Here are a few recommendations to be followed when training your bots for machine learning within bots platform.

  • Give a balanced training. For all the intents that the bot needs to detect add an approximately same number of sample utterances. A skewed model may result in skewed results.

  • We recommend providing at least 8-10 sample utterances against each intent. The model with just 1-2 utterances will not yield any machine learning benefits. Ensure that the utterance is varied and you do not provide variation that uses the same words in different orders.

  • Avoid training common phrases that could be applied to every intent, e.g. “I want to”. Ensure that the utterances are varied for larger variety and learning.

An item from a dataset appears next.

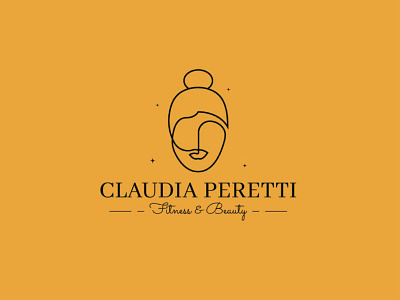Claudia P logo design graphic design illustration logo logo design vector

  • After every change, train the model and check the model. Ensure that all the dots in the ML model are diagonal (in the True-positive and True-negative) quadrant and you do not have scattered utterances in other quadrants. Train the model until you achieve this.

  • Regularly train the bot with new utterances

  • Regularly review the failed or abandoned utterances and add them to utterance list against a valid task/intent

(Andy Heydon) #2

What is the best thing, the bees knees if you will, is to try and avoid using overly long, rambling and verbose training sentences to provide an example of what a user might say for an intent

  • It is very unlikely that a user will say something that matches a very long sentence.
  • Long sentences “bury the lede” of what is most important in aiding and identifying an intent.
  • The NL engine will focus on unique words, e.g. “bees knees”, “rambling” that will lead to false positives.
  • Longer sentences interfere will other intents because they have more matching words, and that reduces the confidence in those other intents.
  • Don’t be afraid to edit utterances added to the model via unsupervised learning.

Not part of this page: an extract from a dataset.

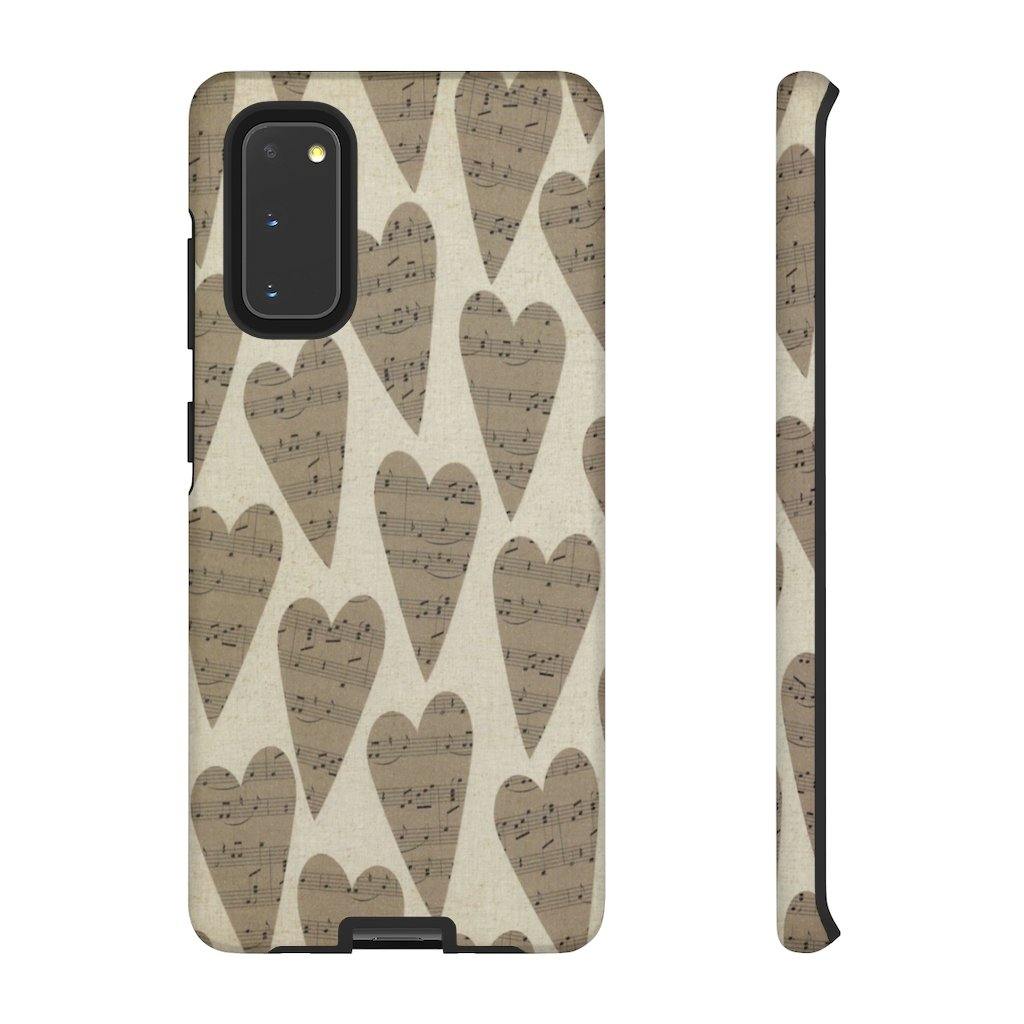 Music Note Heart Phone Case - Music Gifts Depot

The end of the month is coming up and I am about to be paid. I want to make a trade.

  • Intent matching occurs within a sentence, that is words are not cherry picked from several input sentences to try and find a match. An intent is something that is expressed in a single sentence.
  • Each input sentence is evaluated against the ML model individually, so it is impossible for the multiple sentences to match in their entirety.
  • There is an increased likelihood of false positives - the end of the month doesn’t directly suggest the user wants to make a trade.

Hey, can I pay my bill

  • A variation of the multiple sentences warning is with the use of interjections, like “hey”. Interjections, particularly on a voice channel, are partly a way for humans to lead gently into the conversation.
  • Kore splits interjections into their own sentence and they are normally ignored if there is something else significant in the utterance. If the user says “Hey, I want to pay my bill” then the bot will start the “Pay Bill” intent, but if the user has said just “Hey”, then the response would have been “Hello”.
  • Virtually everything uttered by a user could start with an interjection so from an ML training perspective they add nothing and should be removed.
  • Note that interjections cover more than just exclamations like “Hey” but also things like “yes”, “I’m sorry”, “please”.

(Simon Fellows) #3

Great thread gents. Agree the minimal the better but I also find some oddity.

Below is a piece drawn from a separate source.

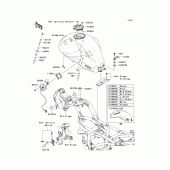 Схема вузла: Паливний бак для Kawasaki EX650 Ninja 650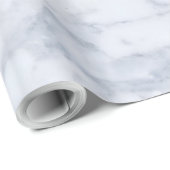 Druck aus weißem und grauem Marmorstein Geschenkpapier (Rolleneckpunkt)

I find the Intent utterances can be minimal where the exact word is used in the Intent, however I find the utterances for synonyms of that intent need ot be more explicit, I may be setup incorrectly though.

For example.

Manage Bloomberg as the intent and it picks up the variances of manage without need to add utterances. If I have a Synonym for Bloomberg of BB, then I need to be more specific with the utterances loaded or they get ignored.

I still haven’t figured out the best solution on that one yet.

(Andy Heydon) #4

Unfortunately at the moment, the ML engine does not pick up the bot level synonyms, and so you have to supply the different variations in the training sentences.